Well, it’s now December and the Christmas songs will be playing on the music channels, the shops will be busier and there is the expectation of the “perfect” Christmas isn’t there?

Those adverts with a large family table brimming with food, the laughter as the crackers are pulled, jokes are told and the proud carving of a turkey for everyone to eat.

This is one of the ways in which we’ll differ in our household as we won’t all be having the same Christmas dinner. Due to T’s sensory issues around food and D’s anxieties if the food doesn’t look like her school Christmas dinner (I try not to get too offended at the latter) it’s likely that they’ll be having chicken nuggets and chips whilst we have a turkey dinner.

Don’t judge me, this is a compromise, a way for us all to sit together, even if the thought of juggling a full roast plus the nuggets and chips always makes me feel a bit panicked come Christmas morning!

Our day will differ to those adverts too. T doesn’t really “do” Christmas and sees it very much for what it is, one day. Whilst D gets totally into the build-up, absolutely loves seeing all the lights and decorations and gets extremely excited trying to spot where Rob The Robin is every day (our take on Elf on the Shelf).

I did try and impose a “no screens” rule for Christmas Day but, as they both rely on them for calming and self-regulation, I’ll settle for the screens (and headphones) being put down whilst presents are unwrapped!

Presents...the charity shops/school fairs have done well out of us over the years, I’d buy a toy because T or D had shown an interest, get them wrapped and then it would be looked at and discarded because “play” is something that doesn’t come easily, to either of them.  More often than not, the box (especially if big enough) and the wrapping paper would generate more interest.

Now we stick to tried and tested - annuals, books, pens, clothes, which may sound boring but at least they’ll be used.

I also make sure that T and D have the same amount of presents, differing wrapping paper and, if possible, that they’re similarly sized, it all makes for a more harmonious unwrapping! 

As much as T sees Christmas as one day, he also sees any school activities as out of routine and a hindrance to what would usually be happening, his lessons.
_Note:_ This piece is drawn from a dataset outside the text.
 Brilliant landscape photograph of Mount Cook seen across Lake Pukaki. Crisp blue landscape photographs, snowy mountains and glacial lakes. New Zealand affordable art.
Due to his sensory issues, Christmas jumper day is a Christmas long-sleeved t-shirt, another compromise but one that means he doesn’t stand out as he generally masks outbursts during his school day.

For Hubbie and I, is a case of “if they’re happy, then so are we”, there’s generally something worth watching Christmas evening accompanied by a snuggle on the sofa and a (rare) glass of something with a chocolate orange.

And then it’s all over for another year!